• [DIRECTIONS]:
When you reach the line that holds "Ninja Nonsense - Legend of Shinobu (2004)", start copying exactly and keep going through the final line of the data, leaving out pictures.

*** DATA RECORDS Section Begins ***

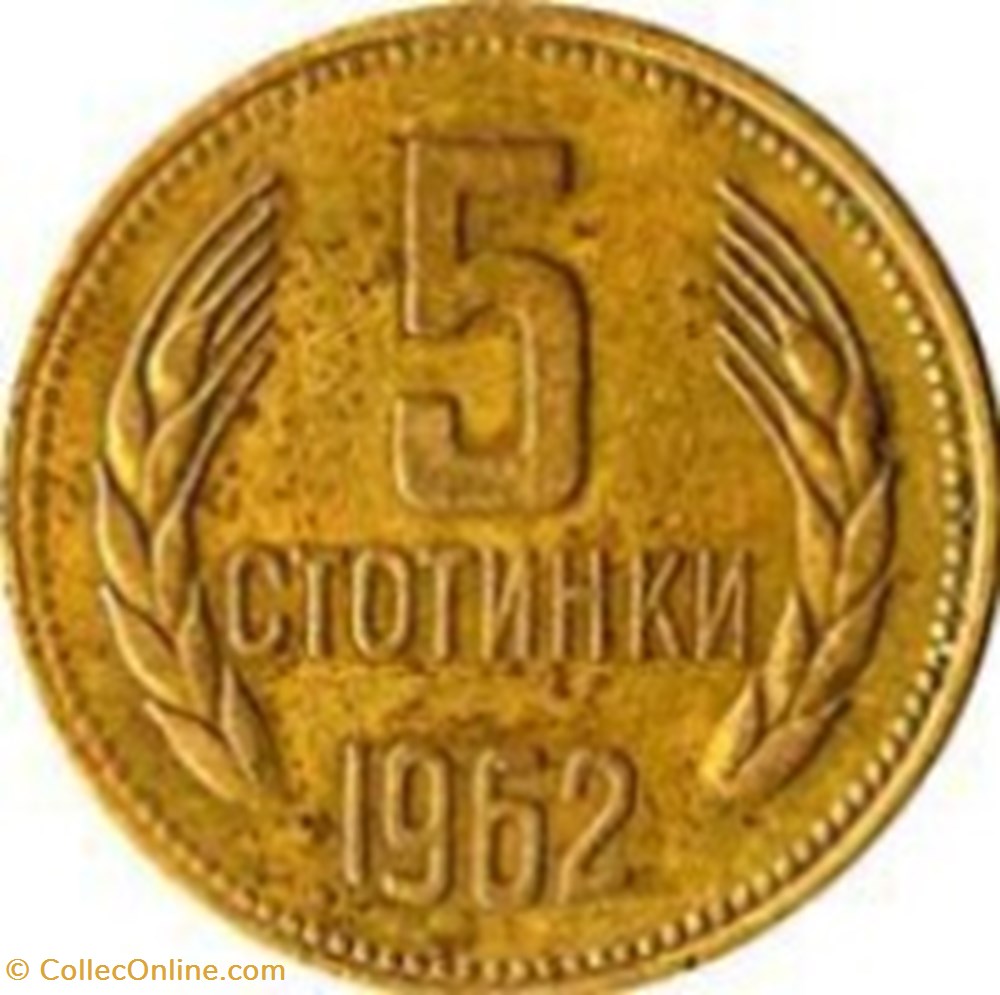 5 stotinki Bulgarie 1962 monnaies monde 5 stotinki bulgarie 1962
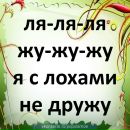 Діана Мельник фотография #42 (источник - https://vk.com/id242217335)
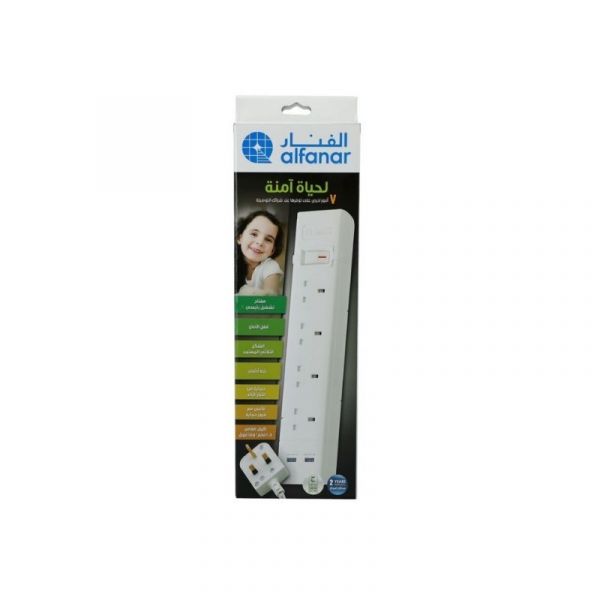  الفنار توصيلة كهربائية 3متر 4مقابس 13أمبير 2 USB 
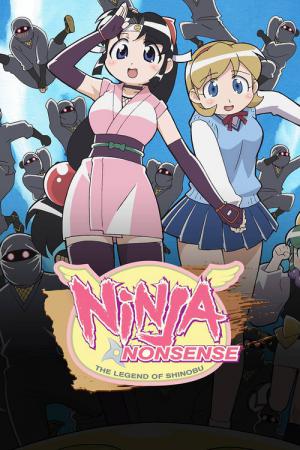 Ninja Nonsense - Legend of Shinobu (2004)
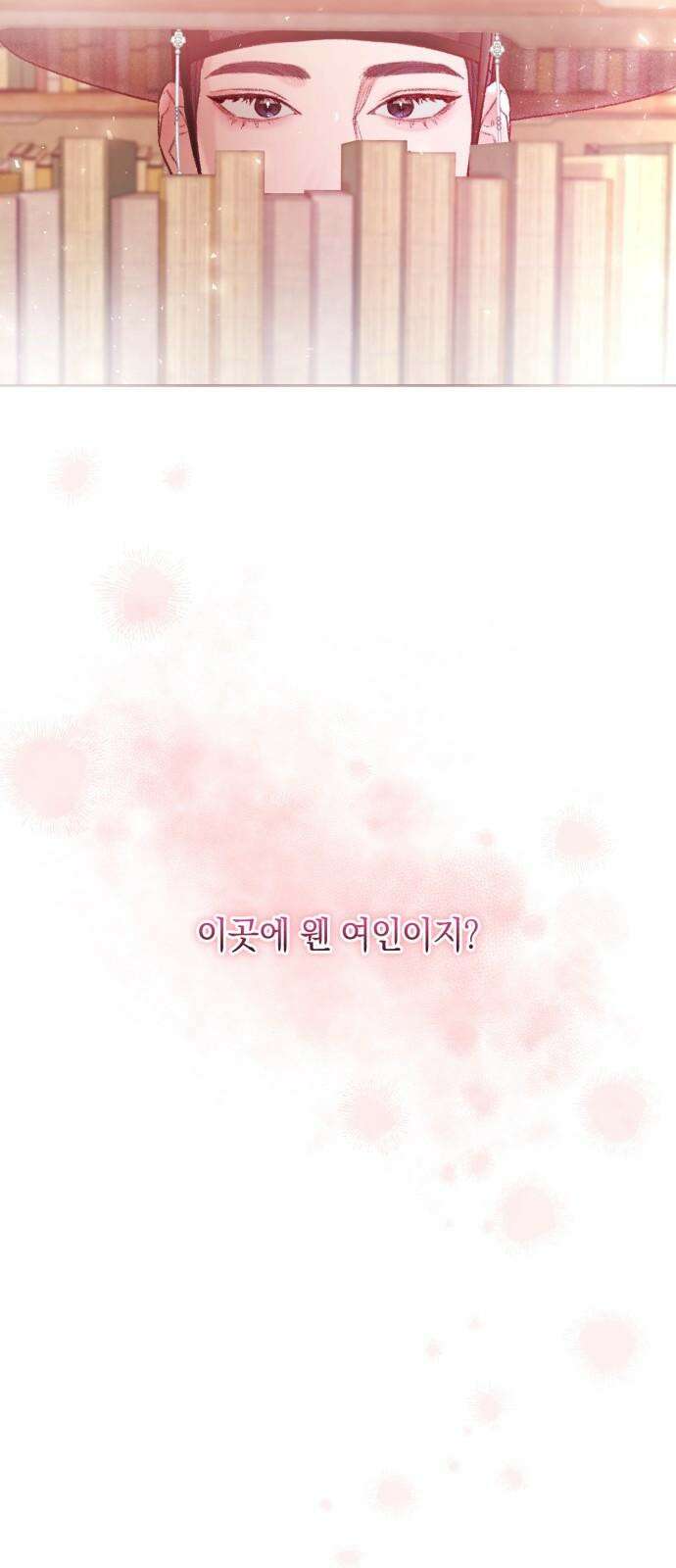 마이 데몬 32화 43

*** DATA RECORDS Section Ends ***

• [EXPECTED OUTPUT]:
 Ninja Nonsense - Legend of Shinobu (2004)
 마이 데몬 32화 43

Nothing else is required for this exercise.